14/04/2026
As Duas Bestas de Apocalipse 13: Poder Político e Falso Profeta📖
Para encerrar a noite de hoje, gostaria de trazer uma reflexão teológica acerca das duas bestas descritas no capítulo 13 do livro de Apocalipse. Embora ambas sirvam ao mesmo propósito maligno sob a autoridade do dragão, há uma clara e significativa distinção entre a Besta que surge do mar e a Besta que surge da terra.
Quero, nesta oportunidade, discorrer sobre essas diferenças, ao mesmo tempo em que reafirmo o que expus em um texto anterior: o Anticristo será um homem real, de carne e osso, nascido de mulher, que viverá todas as experiências próprias da condição humana. No tempo determinado por Deus, ele surgirá no palco mundial como um grande líder carismático e poderoso. Conforme as profecias bíblicas o descrevem — a semente da serpente, o pequeno chifre, o abominável da desolação, o homem do pecado, o filho da perdição —, esse personagem surgirá do mar, investido de grande autoridade política. Ele será auxiliado pela segunda Besta, que emerge da terra e exercerá um poder de natureza essencialmente religiosa (Ap 13:11).
Veremos, portanto, a marcante diferença entre essas duas figuras: uma que representa o poder político opressor e outra que atua como falso profeta, promovendo a adoração à primeira. Enquanto aquela que surge do mar exercerá domínio político e autoridade sobre nações e povos, a que surge da terra operará sinais enganosos e imporá o controle espiritual e econômico, servindo como instrumento de engano e imposição da marca da Besta.

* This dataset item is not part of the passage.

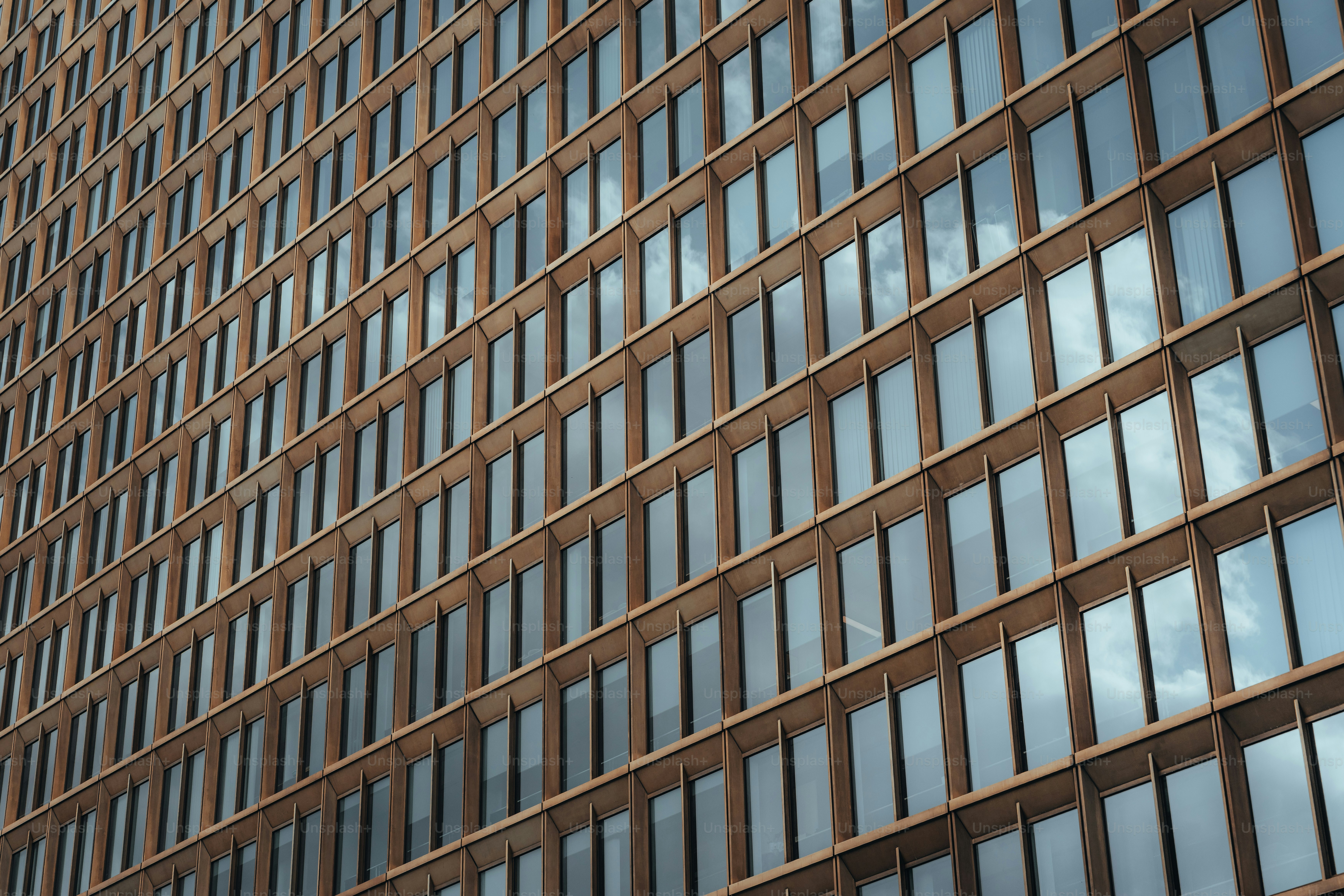 Modern building facade with repeating glass windows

Enfim, embora trabalhem para o mesmo propósito — enganar a humanidade e combater o povo de Deus —, elas possuem origens, aparências e funções diferentes.

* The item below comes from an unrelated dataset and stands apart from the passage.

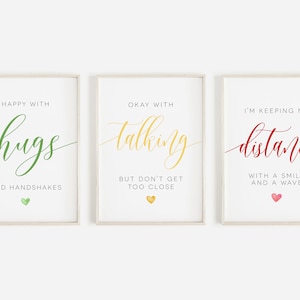 May include: Three framed prints with white backgrounds and light wood frames. The first print says "Happy with hugs and handshakes" in green text with a green heart. The second print says "Okay with talking but don't get too close" in yellow text with a yellow heart. The third print says "I'm keeping my distance with a smile and a wave" in red text with a pink heart.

A Primeira Besta: Poder Político do Mar
A primeira Besta sobe do mar (Ap 13:1). Ela tem sete cabeças e dez chifres, com dez coroas sobre os chifres e nomes de blasfêmia sobre as cabeças. Sua aparência é terrível: semelhante a um leopardo, com pés como os de urso e boca como a de leão. O dragão lhe dá seu poder, seu trono e grande autoridade (Ap 13:2). Uma de suas cabeças parece ter sido ferida de morte, mas a ferida mortal é curada, o que causa grande admiração em toda a terra (Ap 13:3). Essa Besta blasfema contra Deus, faz guerra contra os santos e recebe autoridade para atuar durante quarenta e dois meses (Ap 13:5-7). Ela representa um poder político-militar opressor, frequentemente associado ao Anticristo, que recebe adoração do mundo e exerce domínio sobre tribos, povos, línguas e nações (Ap 13:7-8).
A Segunda Besta: Engano Religioso da Terra
Em contraste, a segunda Besta sobe da terra (Ap 13:11). Ela tem dois chifres semelhantes aos de um cordeiro, o que lhe dá uma aparência inocente e mansinha, mas fala como dragão, revelando sua verdadeira natureza maligna. Essa Besta exerce toda a autoridade da primeira na presença dela e faz com que a terra e seus habitantes adorem a primeira Besta, cuja ferida mortal havia sido curada (Ap 13:12). Ela realiza grandes sinais, como fazer descer fogo do céu à vista dos homens, e engana os habitantes da terra, convencendo-os a fazer uma imagem da primeira Besta (Ap 13:13-14). Além disso, dá fôlego à imagem para que ela fale e ordena que todos os que não a adorarem sejam mortos (Ap 13:15). Por fim, impõe a marca (o sinal da Besta) na mão direita ou na testa de todos — pequenos e grandes, ricos e pobres, livres e escravos —, de modo que ninguém possa comprar ou vender sem ter o sinal, o nome da Besta ou o número de seu nome (666) (Ap 13:16-18).
Conclusão Teológica: Aliança Contra Deus
Portanto, enquanto a primeira Besta se destaca pelo poder político, pela força destrutiva e pela exigência direta de adoração, a segunda Besta atua como um falso profeta religioso: engana por meio de sinais miraculosos, promove a adoração à primeira Besta e impõe o controle econômico e espiritual sobre as pessoas (Ap 13:11-18). Juntas, elas servem ao dragão para perseguir os santos e afastar a humanidade de Deus. Contudo, as Escrituras nos asseguram que sua autoridade é limitada e que o Cordeiro verdadeiro triunfará (Ap 17:14).